DEAR ABBY: For 20 years I have gone to considerable thought and expense to carefully select nice holiday cards to send to a varied client base. I have tried to be considerate and sensitive to any cultural and religious differences.
My Christian friends wanted explicitly religious cards, the Hanukkah cards were not religious enough, and the middle-of-the-road "Season's Greetings" were termed "wishy-washy secular." My own family is a feuding stew of different faiths.
This year? I've had it. I sent Thanksgiving cards with the following quote from Theodore Roosevelt: "Let us remember that as much has been given us, much will be expected from us, and that true homage comes from the heart as well as from the lips, and shows itself in deeds."
It bothers me that a simple delivery of good wishes was met with such a resounding show of bad manners and ill will, and I see no point in continuing.

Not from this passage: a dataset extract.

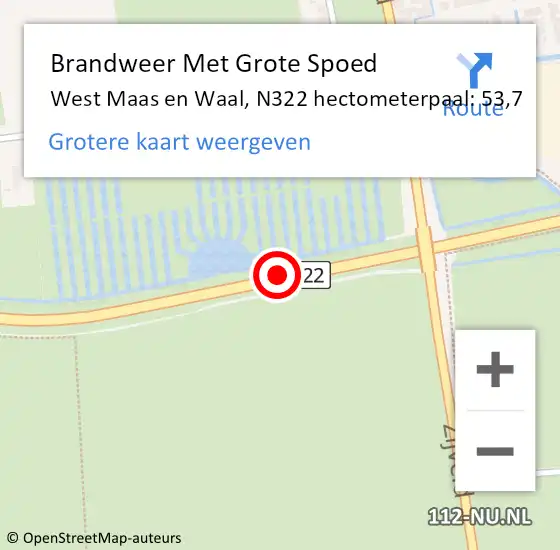 Locatie op kaart van de 112 melding: Brandweer Met Grote Spoed Naar West Maas en Waal, N322 hectometerpaal: 53,7 op 24 juli 2023 17:22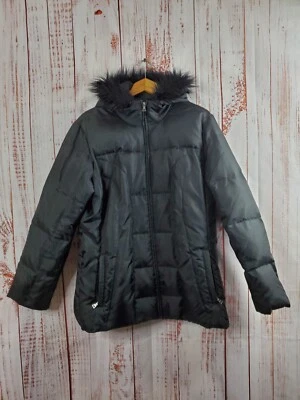 Athletic Works Coat Women's XL Black Down Filled Quilted Puffer Faux Fur Hood  - Image 1 of 4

My mother says I expect too much of people and that this will backfire. I'm past caring and have no more cheeks left to turn. I agreed to abide by your advice. What say you? -- STEAMED IN VAN NUYS, CALIF.
DEAR STEAMED: I don't blame you for being offended. The complainers were extremely rude. If you've sent cards only out of fear that if you didn't it would somehow "backfire," then you shouldn't have sent them. And if anyone is presumptuous enough to raise the subject, tell that person it's because your selection was criticized last year, so this year you decided to save your money.